En el plano internacional, la coalición árabe es ciertamente impresionante, pero hace agua por todas partes desde que Egipto se retiró de ella. El público acercamiento de Arabia Saudita a Israel en contra de Irán escandaliza al mundo árabe y musulmán. Más que ser una alianza más, el acercamiento entre Riad y Tel Aviv demuestra el pánico que embarga a la familia real, hoy objeto del odio de todos.
Visto desde Washington, ha llegado el momento de escoger a los elementos que sería conveniente salvar en Arabia Saudita y deshacerse de los demás. La simple lógica indicaría un regreso la anterior repartición del poder entre el clan de los Sudairis –pero sin el príncipe Mohamed ben Salman, quien ya demostró su incapacidad– y los Chammar –la tribu del difunto rey Abdallah.
Tanto para Washington como para los súbditos sauditas, lo mejor sería que falleciera el rey Salman. Su hijo Mohamed se vería entonces apartado del poder, que iría a manos del otro príncipe Mohamed (el hijo de Nayef), mientras que el príncipe Mutaib se mantendría en el puesto que actualmente ocupa, a la cabeza de la Guardia Nacional.
En Arabia Saudita, al igual que en Turquía y en otros países aliados de Estados Unidos, la CIA trata de mantener las cosas como están. Y para ello se limita a organizar por debajo de la mesa intentos de cambios de dirigentes, pero sin tocar las estructuras. El carácter puramente cosmético de esas modificaciones facilita que su trabajo se mantenga en la sombra.
Rusia logró establecer una conexión entre los campos de batalla de Siria y Yemen. Su despliegue militar en el Levante es público desde hace 1 año, pero también está presente desde hace 3 meses –de manera no oficial– en Yemen, donde participa activamente en los combates.
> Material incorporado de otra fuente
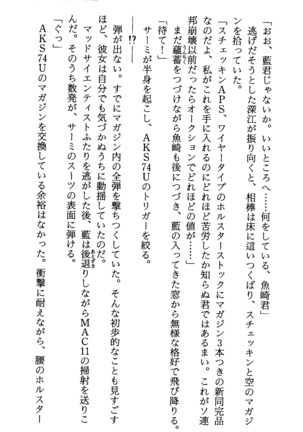 TERMI! 1 Page #237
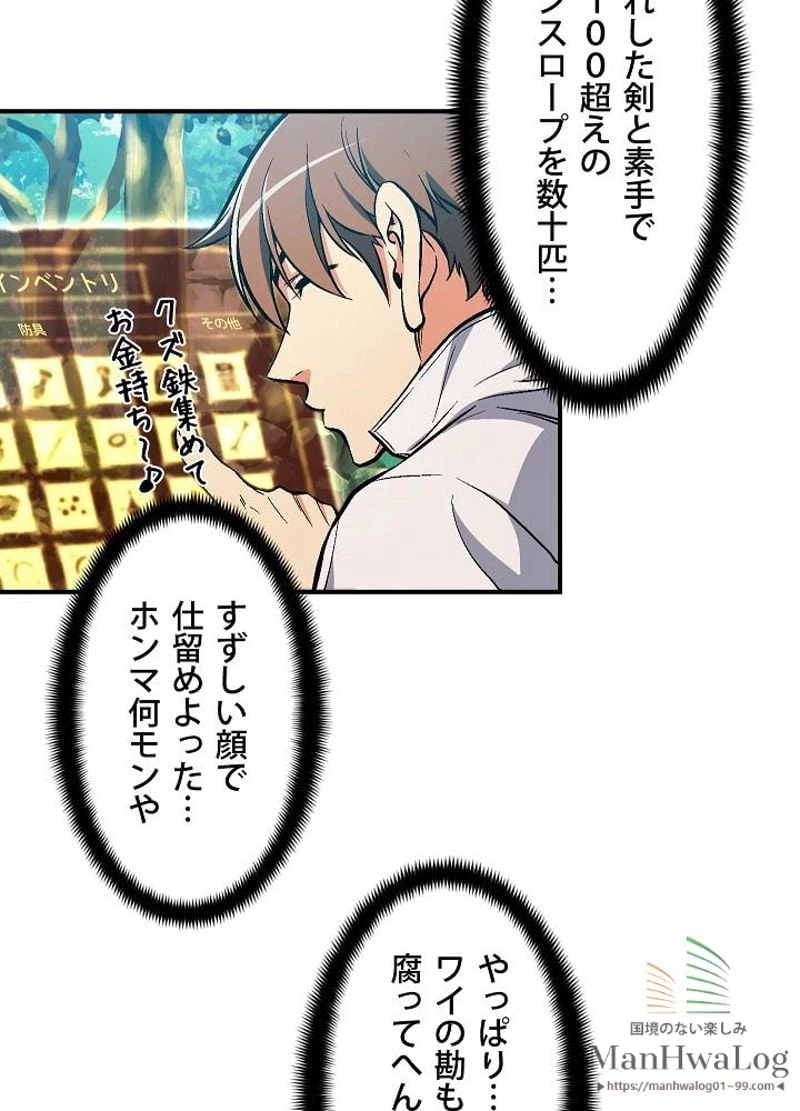 ページ 29 — 第63話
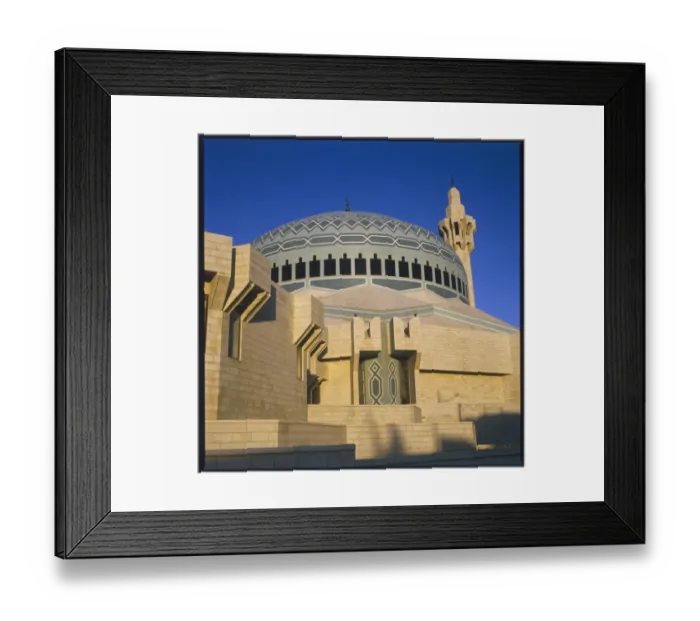 Framed Print : Jordan / Amman Mosque 1995 Framed Print : Jordan / Amman Mosque 1995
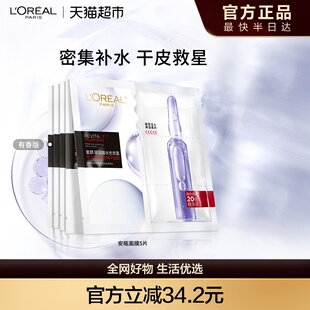 欧莱雅安瓶面膜5片玻尿酸提亮肤色补水保湿淡化细纹精华女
Al negociar simultáneamente el alto al fuego en Alepo y otro alto al fuego en Yemen, Rusia obligó a Estados Unidos a vincular ambos teatros de operaciones. En esos dos países, las fuerzas rusas muestran su superioridad en materia de guerra convencional ante los aliados de Washington, evitando la confrontación directa con el Pentágono. Con esa finta, Moscú evita tener que implicarse en Irak, a pesar de sus antecedentes históricos en ese tercer país.
Sin embargo, la disputa entre los dos grandes se origina fundamentalmente en el corte de las dos rutas de la seda, primero en Siria y después en Ucrania. Lógicamente, Moscú trata por eso de vincular los dos asuntos en sus negociaciones con Washington. Esto resulta muy lógico, sobre todo teniendo en cuenta que la propia CIA ya creó un vínculo entre los dos campos de batalla a través de Turquía.
Al viajar a Berlín, el 19 de octubre, el presidente ruso Vladimir Putin y su ministro de Exteriores Serguei Lavrov tenían intenciones de convencer a Alemania y Francia, fuera de la presencia de Estados Unidos, de vincular estos temas. Así que extendieron la tregua en Siria a cambio del cese del bloqueo de los acuerdos de Minsk por parte de Ucrania, un trato que no dejará de irritar a Washington, que hará todo lo que esté en sus manos para sabotearlo.
Por supuesto, al final Berlín y Londres acabarán alineándose detrás de su amo de la OTAN. Pero, desde el punto de vista de Moscú más vale un conflicto congelado que una derrota (tanto en Ucrania como en Transnistria, por ejemplo).
Además, todo lo que afecte la unidad de la OTAN acerca el fin de la supremacía estadunidense.